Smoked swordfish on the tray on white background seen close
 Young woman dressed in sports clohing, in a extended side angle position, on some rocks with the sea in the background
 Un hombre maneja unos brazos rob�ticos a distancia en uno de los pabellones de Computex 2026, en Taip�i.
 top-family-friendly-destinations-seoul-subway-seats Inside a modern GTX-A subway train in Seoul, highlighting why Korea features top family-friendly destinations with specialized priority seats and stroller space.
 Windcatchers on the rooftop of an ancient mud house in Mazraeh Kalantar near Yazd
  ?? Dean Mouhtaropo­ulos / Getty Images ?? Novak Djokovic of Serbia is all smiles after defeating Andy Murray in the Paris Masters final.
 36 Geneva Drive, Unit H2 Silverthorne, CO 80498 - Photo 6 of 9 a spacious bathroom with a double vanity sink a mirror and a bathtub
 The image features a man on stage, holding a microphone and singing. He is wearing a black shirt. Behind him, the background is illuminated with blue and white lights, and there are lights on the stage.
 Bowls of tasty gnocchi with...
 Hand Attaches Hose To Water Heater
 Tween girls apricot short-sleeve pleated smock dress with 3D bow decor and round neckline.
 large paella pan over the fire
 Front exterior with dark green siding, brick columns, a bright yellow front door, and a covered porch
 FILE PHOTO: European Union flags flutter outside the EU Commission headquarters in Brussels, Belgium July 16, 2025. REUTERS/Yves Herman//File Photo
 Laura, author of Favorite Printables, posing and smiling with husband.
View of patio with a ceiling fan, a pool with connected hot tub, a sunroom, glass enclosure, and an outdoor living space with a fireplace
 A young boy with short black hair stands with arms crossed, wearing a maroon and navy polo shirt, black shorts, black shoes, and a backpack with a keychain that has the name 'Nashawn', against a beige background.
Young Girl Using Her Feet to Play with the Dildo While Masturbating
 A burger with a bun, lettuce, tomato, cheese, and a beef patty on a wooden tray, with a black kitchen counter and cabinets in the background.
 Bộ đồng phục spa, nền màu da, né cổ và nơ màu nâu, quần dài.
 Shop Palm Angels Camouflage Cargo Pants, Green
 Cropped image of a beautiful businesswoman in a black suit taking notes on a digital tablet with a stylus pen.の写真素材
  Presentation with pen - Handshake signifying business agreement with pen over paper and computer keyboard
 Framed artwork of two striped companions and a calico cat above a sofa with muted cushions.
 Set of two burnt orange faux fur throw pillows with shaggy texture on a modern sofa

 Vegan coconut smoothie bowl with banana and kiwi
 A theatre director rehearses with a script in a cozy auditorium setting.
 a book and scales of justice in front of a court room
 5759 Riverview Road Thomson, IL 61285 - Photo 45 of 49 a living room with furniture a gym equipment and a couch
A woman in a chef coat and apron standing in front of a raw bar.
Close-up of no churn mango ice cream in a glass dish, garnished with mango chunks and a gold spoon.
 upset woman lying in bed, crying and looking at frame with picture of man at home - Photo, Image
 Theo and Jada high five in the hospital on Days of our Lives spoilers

※ ※ ※

TASK BRIEF -
Your response must repeat the entries above exactly, in full.

RESPONSE TO THE EXERCISE -
Smoked swordfish on the tray on white background seen close
 Young woman dressed in sports clohing, in a extended side angle position, on some rocks with the sea in the background
 Un hombre maneja unos brazos rob�ticos a distancia en uno de los pabellones de Computex 2026, en Taip�i.
 top-family-friendly-destinations-seoul-subway-seats Inside a modern GTX-A subway train in Seoul, highlighting why Korea features top family-friendly destinations with specialized priority seats and stroller space.
 Windcatchers on the rooftop of an ancient mud house in Mazraeh Kalantar near Yazd
  ?? Dean Mouhtaropo­ulos / Getty Images ?? Novak Djokovic of Serbia is all smiles after defeating Andy Murray in the Paris Masters final.
 36 Geneva Drive, Unit H2 Silverthorne, CO 80498 - Photo 6 of 9 a spacious bathroom with a double vanity sink a mirror and a bathtub
 The image features a man on stage, holding a microphone and singing. He is wearing a black shirt. Behind him, the background is illuminated with blue and white lights, and there are lights on the stage.
 Bowls of tasty gnocchi with...
 Hand Attaches Hose To Water Heater
 Tween girls apricot short-sleeve pleated smock dress with 3D bow decor and round neckline.
 large paella pan over the fire
 Front exterior with dark green siding, brick columns, a bright yellow front door, and a covered porch
 FILE PHOTO: European Union flags flutter outside the EU Commission headquarters in Brussels, Belgium July 16, 2025. REUTERS/Yves Herman//File Photo
 Laura, author of Favorite Printables, posing and smiling with husband.
View of patio with a ceiling fan, a pool with connected hot tub, a sunroom, glass enclosure, and an outdoor living space with a fireplace
 A young boy with short black hair stands with arms crossed, wearing a maroon and navy polo shirt, black shorts, black shoes, and a backpack with a keychain that has the name 'Nashawn', against a beige background.
Young Girl Using Her Feet to Play with the Dildo While Masturbating
 A burger with a bun, lettuce, tomato, cheese, and a beef patty on a wooden tray, with a black kitchen counter and cabinets in the background.
 Bộ đồng phục spa, nền màu da, né cổ và nơ màu nâu, quần dài.
 Shop Palm Angels Camouflage Cargo Pants, Green
 Cropped image of a beautiful businesswoman in a black suit taking notes on a digital tablet with a stylus pen.の写真素材
  Presentation with pen - Handshake signifying business agreement with pen over paper and computer keyboard
 Framed artwork of two striped companions and a calico cat above a sofa with muted cushions.
 Set of two burnt orange faux fur throw pillows with shaggy texture on a modern sofa

 Vegan coconut smoothie bowl with banana and kiwi
 A theatre director rehearses with a script in a cozy auditorium setting.
 a book and scales of justice in front of a court room
 5759 Riverview Road Thomson, IL 61285 - Photo 45 of 49 a living room with furniture a gym equipment and a couch
A woman in a chef coat and apron standing in front of a raw bar.
Close-up of no churn mango ice cream in a glass dish, garnished with mango chunks and a gold spoon.
 upset woman lying in bed, crying and looking at frame with picture of man at home - Photo, Image
 Theo and Jada high five in the hospital on Days of our Lives spoilers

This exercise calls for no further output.